For instance, Velma is a support character who uses her deductive reasoning to buff her team and gain advantages. Batman has to rely on his tools and agility during most fights. Jake from Adventure Time morphs into various forms, while Arya Stark relies on complex movements and “face steals” to overcome most foes. Even heavy hitters like Superman have to pull out their full bag of tricks. As we previously discussed, Multiversus even features a version of Shaggy that is somewhere between the original incarnation of the character and the anime fighter that some fans have seen fit to turn him into in recent years. I found myself wanting to play as new characters just to see how they stood out from the rest of the roster. I was often surprised by the ways their moves, movements, quips, and looks exemplified the developers’ love and understanding for their source material and other famous works.
There’s a level of care that went into Multiversus that could have easily been ignored in favor of letting some famous names punch and kick each other while everyone behind the scenes hopes you care enough about Steven Universe to buy a game that he makes an appearance in. Instead, it’s clear that the game’s developers went into this project with questions about who these characters are, what makes them unique, and how they’re going to fit into this mad science mashup in the first place. While I can’t say I agree with all of the answers they’ve found so far, it’s certainly better than the world where all of these characters were just shoved into the background and we’re expected to care about them just because we recognize them. If you think that’s an exaggeration, you obviously didn’t see Space Jam: A New Legacy.
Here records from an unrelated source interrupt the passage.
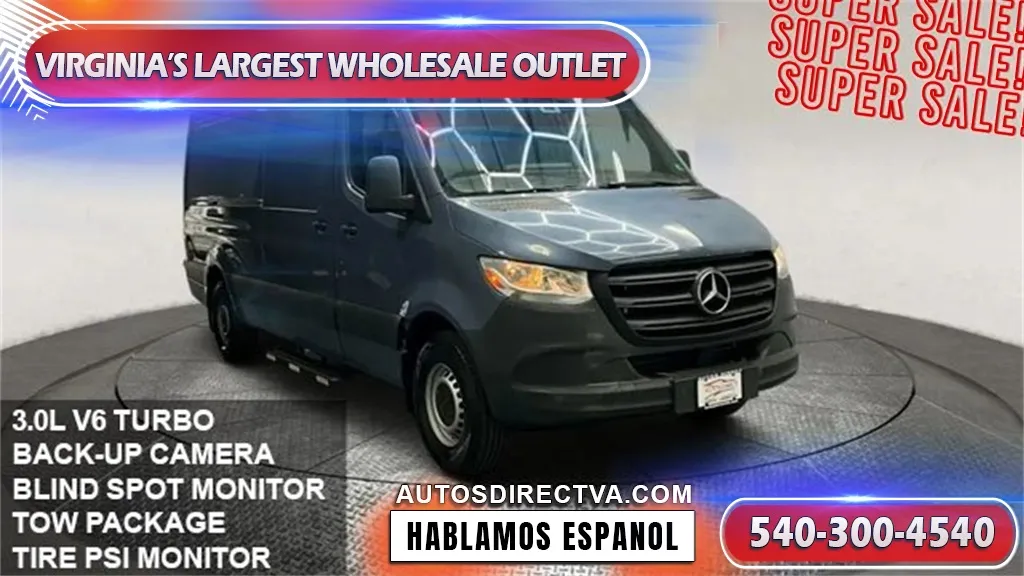 Green 2019 Mercedes-Benz Sprinter 2500 for sale in Fredericksburg, VA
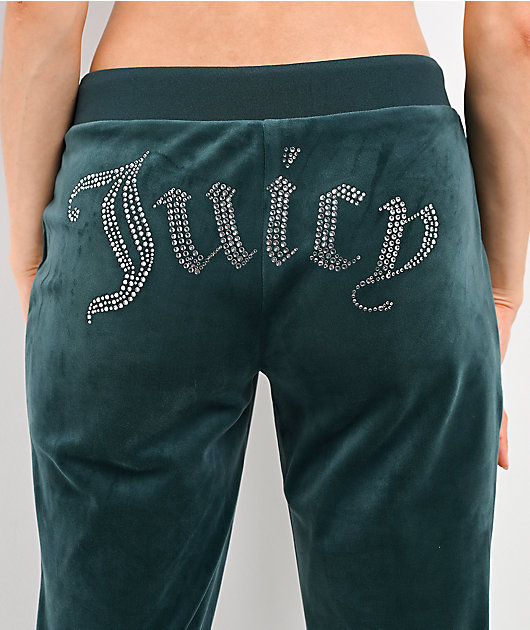 Juicy Couture OG Big Bling Junebug Velour Track Pants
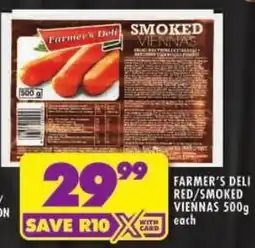 Shoprite Farmer's deli red/ smoked viennas offer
I’m not thrilled about the fact we seem to be hurtling towards a future where character cameo blitzes become far more common and a reminder that a few major companies control the rights to nearly the entire history of notable pop culture characters, universes, and properties. However, at a time when the apparent biggest advantage of such crossovers is the fact that they help eliminate the costs of original thoughts, there is something vaguely optimistic about the idea that the Multiversus team seems to be concerned about giving their famous fighters an identity that feels true to the reasons many of us fell in love with them in the first place.
Multiversus has a very long way to go before it can become that viable Super Smash Bros. competitor many have waited for. Still, I can think of few better ways to praise the game’s potential than to say it feels like a fighting game made by a team who is genuinely interested in turning it into so much more than the marketing-fuelled meme it could have easily been.